The type and character of the oil burners and equipment manufactured and used by the United States, and which are alleged by plaintiff to infringe his patents, are indicated by the findings. These oil burners and equipment provide for the atomization of the oil by means of its projection into the furnace under heavy pressure [269 U.S. 144, 147] through spiral passages in the nozzle of the burner in a whirling cone- shaped film which almost immediately upon leaving the nozzle develops into fine spray. The air for combustion is furnished under mild blower pressure in the furnace room, through an air register surrounding The burner and burner opening into the furnace. The register is provided with vanes or other means for giving the air a whirling motion to facilitate the intermixture with the oil spray. The oil and air are whirled together in the same direction. No steam, air, or other gaseous fluid is introduced into or used in the burner proper for any purpose, nor used with any part of the equipment for the atomization of the oil. The air, which passes through the register encircling the burner, is to supply oxygen necessary for combustion.

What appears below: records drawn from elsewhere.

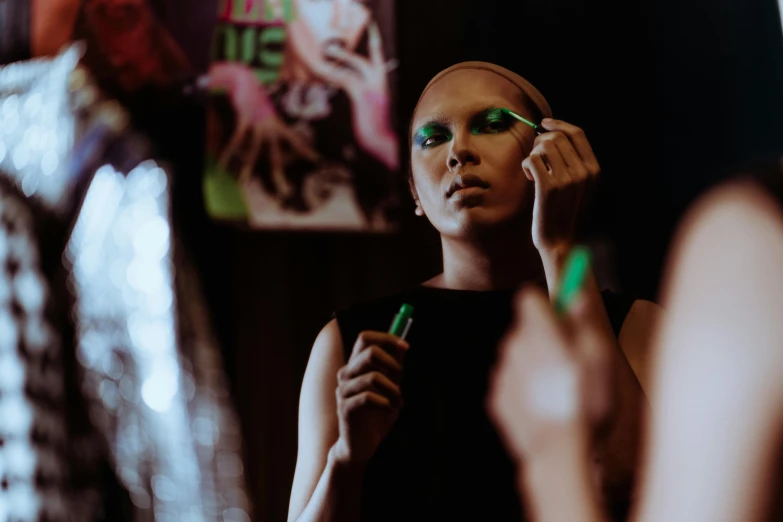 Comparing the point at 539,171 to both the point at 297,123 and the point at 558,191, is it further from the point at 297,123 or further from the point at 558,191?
the point at 297,123

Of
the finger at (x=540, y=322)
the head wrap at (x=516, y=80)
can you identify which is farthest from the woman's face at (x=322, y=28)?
the finger at (x=540, y=322)

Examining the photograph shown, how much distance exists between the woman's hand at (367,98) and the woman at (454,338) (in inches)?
22.2

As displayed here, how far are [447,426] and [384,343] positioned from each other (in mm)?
99

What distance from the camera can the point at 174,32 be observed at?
68.0 inches

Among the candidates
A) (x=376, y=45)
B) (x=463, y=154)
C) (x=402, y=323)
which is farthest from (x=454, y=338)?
(x=376, y=45)

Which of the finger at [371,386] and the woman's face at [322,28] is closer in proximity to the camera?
the finger at [371,386]

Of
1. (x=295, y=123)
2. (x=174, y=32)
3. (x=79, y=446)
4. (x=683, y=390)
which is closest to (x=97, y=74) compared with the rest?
(x=174, y=32)

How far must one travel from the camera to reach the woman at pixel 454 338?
0.70m

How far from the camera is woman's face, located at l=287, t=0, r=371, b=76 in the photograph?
1409mm

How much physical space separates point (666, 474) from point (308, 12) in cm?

From the findings, it clearly appears that the mixing of the steam, air, or other gaseous fluid with the oil in the annular space to aid atomization before the spray is brought into contact with the air supplied for combustion, and before it passes into the furnace, is the important feature distinguishing the burners covered by plaintiff's patents from those above described which are manufactured and used by the United States. The Court of Claims expressly found:
Infringement is a question of fact. The quoted finding is in the nature of special verdict of a jury. United States v. Anciens Etablissements, 224 U.S. 309, 322 , 330 S., 32 S. Ct. 479; Brothers v. United States, 250 U.S. 88, 93 , 39 S. Ct. 423. This court accepts the findings of fact made by the Court of Claims, and cannot review them. Collier v. United States, 173 U.S. 79, 80 , 19 S. Ct. 330. And, even where a finding determines a mixed question of law and fact, it is conclusive unless the [269 U.S. 144, 148] court is able to separate the question to see whether there is a mistake of law. United States v. Omaha Indians, 253 U.S. 275, 281 , 40 S. Ct. 522; Ross v. Day, 232 U.S. 110, 116 , 34 S. Ct. 233; Whitcomb v. White, 214 U.S. 15, 16 , 29 S. Ct. 599; Marquez v. Frisbie, 101 U.S. 473 , 476. Our consideration of the case is confined to questions of law. Union Pacific Railway Co. v. United States, 116 U.S. 154, 157 , 6 S. Ct. 325; Keokuk & Hamilton Bridge Co. v. United States, 260 U.S. 125 , 43 S. Ct. 37. And the situation is the same as it would be if the facts had been agreed upon by the parties. United States v. Pugh, 99 U.S. 265 , 271. As no infringement was found, the facts are not sufficient to constitute a cause of action.